2024年7月1日月曜日

インスト・ロック

荒く処理された画面にLAのヒスパニック地区が映し出され、遠くの空を飛ぶ旅客機が見えます。そこに往年の大ヒット曲「スリープ・ウォーク」が流れます。1959年、17歳で夭折したリッチー・ヴァレンスの伝記映画「ラ・バンバ」(1987)のオープニング・シーンです。チカーノ初のロック・スターは、飛行機事故で亡くなっています。リッチー・ヴァレンスの短い生涯を象徴する印象的な映像でした。とりわけ「スリープ・ウォーク」という選曲が見事だったと思います。「スリープ・ウォーク」を演奏するサント&ジョニーは、NY出身のイタリア系兄弟によるインストゥルメンタル・デュオです。この名曲に限らず、50年代後半から60年代前半までは、ロック・インストゥルメンタル・バンドが多くのヒットを飛ばした時期でした。

インスト・ロック最初のヒット曲とされるのは、R&Bのキーボード奏者ビル・ドゲットの「ホンキー・トンク」です。以降、多くのバンドが多くのヒットを飛ばします。耳に残る曲と言えば、「スリープ・ウォーク」以外にも、ジョニー・アンド・ザ・ハリケーンズの「レッド・リバー・ロック」、チャンプスの「テキーラ」、デュアン・エディの「レベル・ラウザー」、ファイヤー・ボールズの「ブルドッグ」、ザ・シャドウーズの「アパッチ」、ベンチャーズの「ウォーク・ドント・ラン」、ブッカーT&ザ・MG'sの「グリーン・オニオン」、ロニー・マックの「メンフィス」等々があります。サーフ・ミュージックのディック・デイルの「ミザルー」は、タランティーノ監督の「パルプフィクション」のテーマ曲としても有名です。

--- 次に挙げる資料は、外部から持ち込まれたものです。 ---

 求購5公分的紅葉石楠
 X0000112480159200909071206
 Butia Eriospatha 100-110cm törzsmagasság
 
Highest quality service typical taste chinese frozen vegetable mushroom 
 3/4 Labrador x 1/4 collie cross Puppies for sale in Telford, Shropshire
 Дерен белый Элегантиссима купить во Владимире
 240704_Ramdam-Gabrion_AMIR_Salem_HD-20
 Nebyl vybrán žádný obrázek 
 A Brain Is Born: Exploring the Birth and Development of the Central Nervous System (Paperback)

いずれの曲も、私にとっては同時代の音楽ではありません。何曲かは耳に残っていたかも知れませんが、いわゆるオールディーズとして聴いたものばかりです。ただ、ベンチャーズ、ブッカーT、あるいはMG'sのスティーブ・クロッパーとドナルド・ダック・ダン等のライブには行ったことがあります。MG'sの「タイム・イズ・タイト」は大好きな曲です。不思議だと思うのは、1960年代半ば、突然、インスト・ロックが勢いを失ったことです。その後もインストゥルメンタル・グループが消えたわけではありませんが、少なくとインスト・ロックのブームは去ったと言えます。インスト・ロックは、60年代半ばに訪れたブリティッシュ・インヴェイジョン(英国の侵略)に押されて消えたという説がもっぱらです。要は、ビートルズに殺されたわけです。

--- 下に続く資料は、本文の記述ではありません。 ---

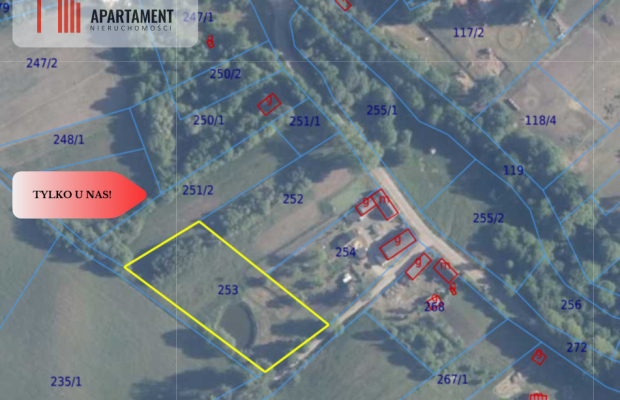 IVa klasa z własnym stawem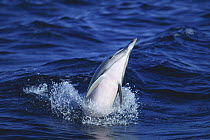 Short-beaked Common Dolphin (Delphinus delphis delphis) leaping out of water, New Zealand
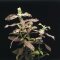 Hygrophila polysperma sunset, Rosanervis InVitro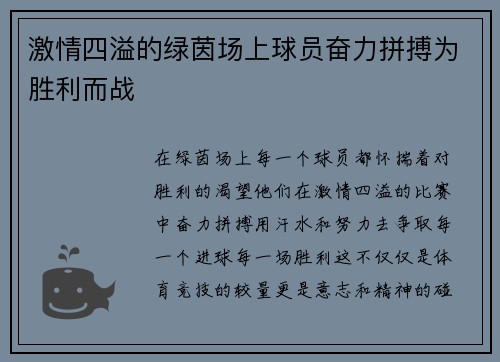 激情四溢的绿茵场上球员奋力拼搏为胜利而战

英国のロックは、50年代後半、R&Bやジャズに影響された若者たちの間から自然発生的に生まれます。同じ頃に発生したモッズやロッカーズといった風俗と同様、労働者階級の若者たちの間から生まれます。厳しい階級社会にあって、多少経済的な余裕の生まれた労働者階級の若者たちが旧体制に反旗を翻したというのが、その本質的性格でした。米国で生まれたロックンロールは、黒人音楽を白人の若者が演奏するというカウンター・カルチャー的要素を持っていたわけですが、階級差別の激しい英国では、その傾向がより先鋭的になって現れます。英国のロックが米国を侵略する契機となったのが、ビートルズでした。英国で起こっていたビートルマニア現象がTVで報道されたことがきっかけだったとされます。

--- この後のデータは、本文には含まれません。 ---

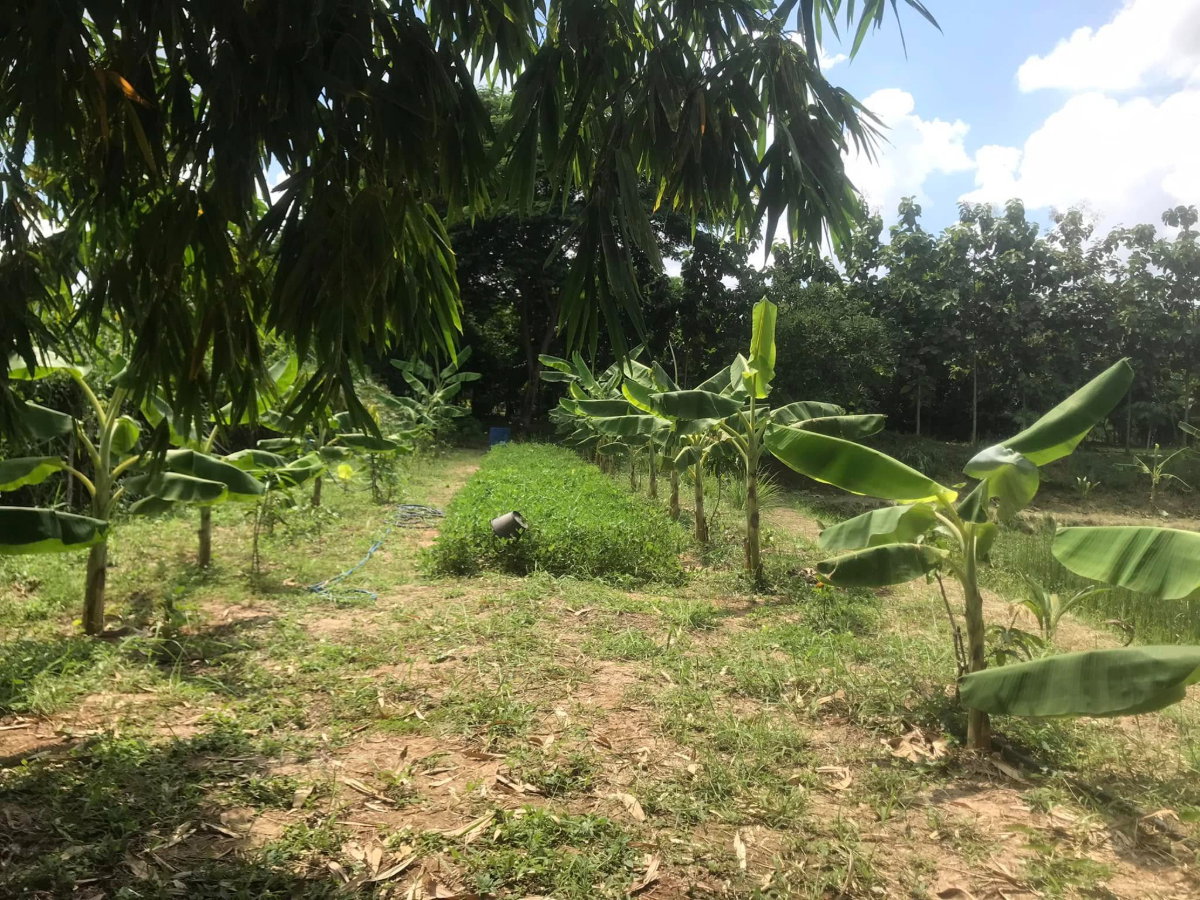 picture Land for Sale with Former Restaurant Building and Agricultural Garden - 10/14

英国音楽がブームになると、インスト・ロックはラジオから閉め出されていきます。ラジオを起点にブームを起こしたインスト・ロックは行き場を失ったわけです。確かにそれが事実なのでしょうが、勢いを増しつつあったカウンター・カルチャーに押し出されたというのが真実だと思います。50年代的なあっけらかんとした明るさを持つインスト・ロックは過去のものとなり、旧世代にNOを叩きつける英国のロックが支持されたわけです。つまり、インスト・ロックは時代の変化を捉えることができなかったということです。その理由の一つは、皮肉にも、歌詞を持っていなかったことなのではないでしょうか。つまり、インスト・ロックは、若者の思いを代弁できなかったわけです。例えば、ローリング・ストーンズの「Paint it Black」がインスト曲だったとしたら、全米No.1ヒットにはなっていなかったと思います。(写真出典:en.wikipadia.org)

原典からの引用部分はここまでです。